It took me a bit of time, but I finally got the full Q&A from my Brad Meltzer interview typed up. The interview took place at Politics & Prose bookstore in Washington, D.C. and it was recorded so that everything you read is verbatim (except for stupid typos and lack of commas).

From Meltzer’s website:

"Brad Meltzer is the best-selling author of The Tenth Justice, Dead Even, The First Counsel, The Millionaires, The Zero Game, and his newest novel, The Book of Fate. He’s also the writer of the Justice League and the co-creator of the TV show, Jack & Bobby."

I should have a full article based on this interview, the book, and two events I went to with him by next week. The Q&A is after the break.



[Brad doing a book signing]
Scott: With the novels and comics, since they are so plot driven, how do you keep the characters motivated and keep it character driven.
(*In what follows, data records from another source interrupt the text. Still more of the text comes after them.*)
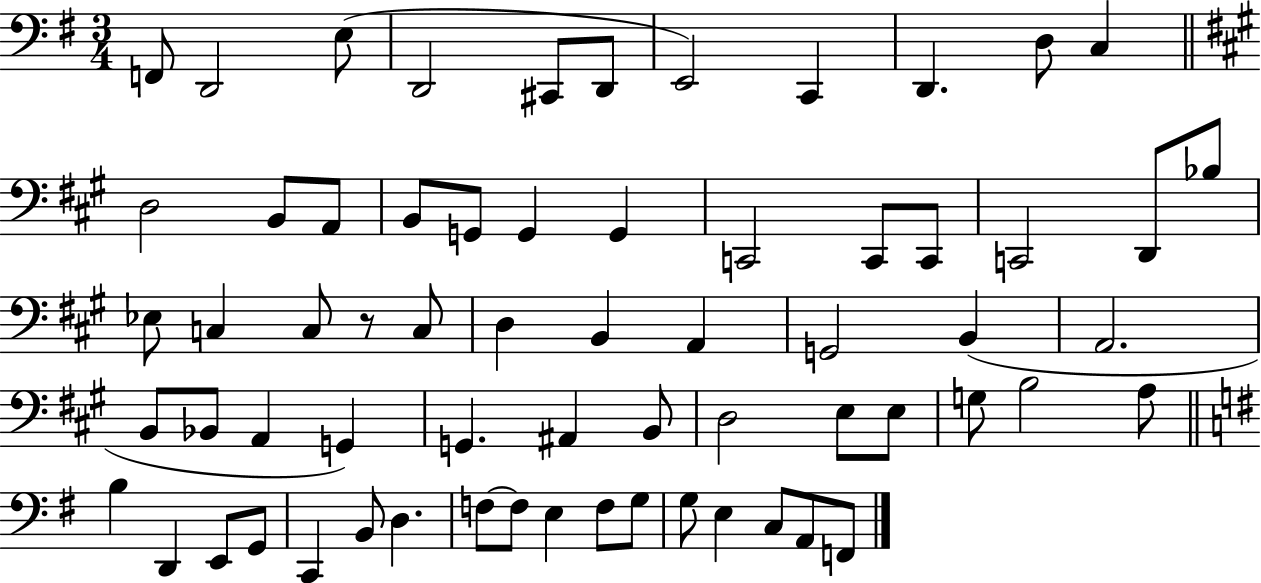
{
  \clef bass
  \numericTimeSignature
  \time 3/4
  \key g \major
  f,8 d,2 e8( | d,2 cis,8 d,8 | e,2) c,4 | d,4. d8 c4 | \break \bar "||" \break \key a \major d2 b,8 a,8 | b,8 g,8 g,4 g,4 | c,2 c,8 c,8 | c,2 d,8 bes8 | \break ees8 c4 c8 r8 c8 | d4 b,4 a,4 | g,2 b,4( | a,2. | \break b,8 bes,8 a,4 g,4) | g,4. ais,4 b,8 | d2 e8 e8 | g8 b2 a8 | \break \bar "||" \break \key g \major b4 d,4 e,8 g,8 | c,4 b,8 d4. | f8~~ f8 e4 f8 g8 | g8 e4 c8 a,8 f,8 | \break \bar "|."
}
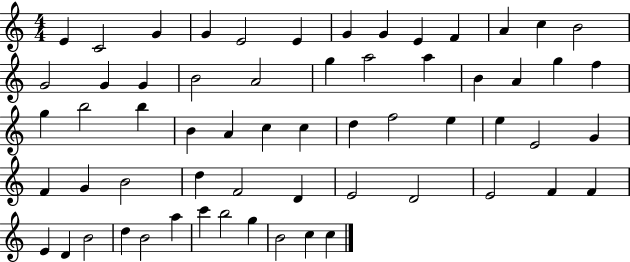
X:1
T:Untitled
M:4/4
L:1/4
K:C
E C2 G G E2 E G G E F A c B2 G2 G G B2 A2 g a2 a B A g f g b2 b B A c c d f2 e e E2 G F G B2 d F2 D E2 D2 E2 F F E D B2 d B2 a c' b2 g B2 c c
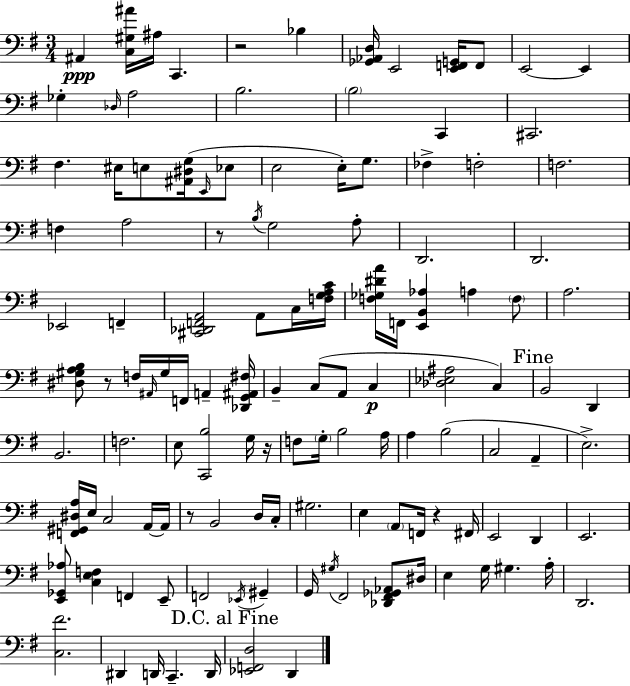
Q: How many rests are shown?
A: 6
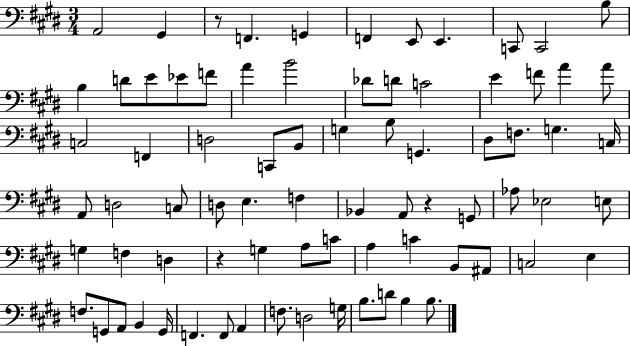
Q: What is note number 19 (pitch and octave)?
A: D4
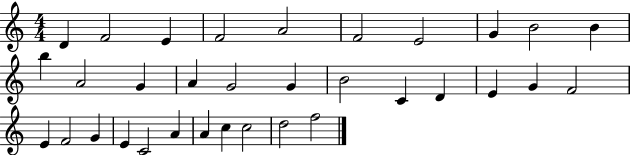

Brad: For me the most important thing I do for each book is work those characters. Period. I have this plot, but the most important thing for the plot is the characters. I’ll spend 6 months doing character sketches and filling notebooks with details about eh character and 90 percent of those details you’ll never see in the novels. It’s about their favorite books, their crushes in high school who they liked when they were in college and who they thought they were when they were in college. Who they thought they were in high school and who they wanted to be. Most of them are little details but its those little details that make us who we are so I’m by the time I’m done I’ll do a dating game for all my characters and if I don’t have a different answer for all of them, what’s you favorite food, your favorite movie, your favorite book, what are your desires… if I don’t have a different answer for each character then I’m not done with the character.  Now that being said, if I do my job correctly then I don’t have to tell them what they should do. They tell me how they should react to the plot.  And I don’t care how good your plot is, if your reader does not care about the characters they will not follow that plot for five pages, but if your reader loves the character they will follow the worse plot for an entire book. They will follow that character for 1000 pages they will follow that character for another book just to see what they can do next. So for me, what I’m most proud of with this book isn’t the plot at all. The plot is window dressing. I’m most proud of Wes. It’s his transformation and that character and taking the character of every bad thriller that is out there and destroying that character in chapter one is a very conscious goal by me. This was me saying to the genre that this is stupid we do this every time that we have this almost superhuman character that saves the day in almost every single book. Everybody does it so I decided to wreck him in chapter one and see if I could take this shattered character do to the same thing. And that is what I’m most proud of with this book. The character work, not the plot part.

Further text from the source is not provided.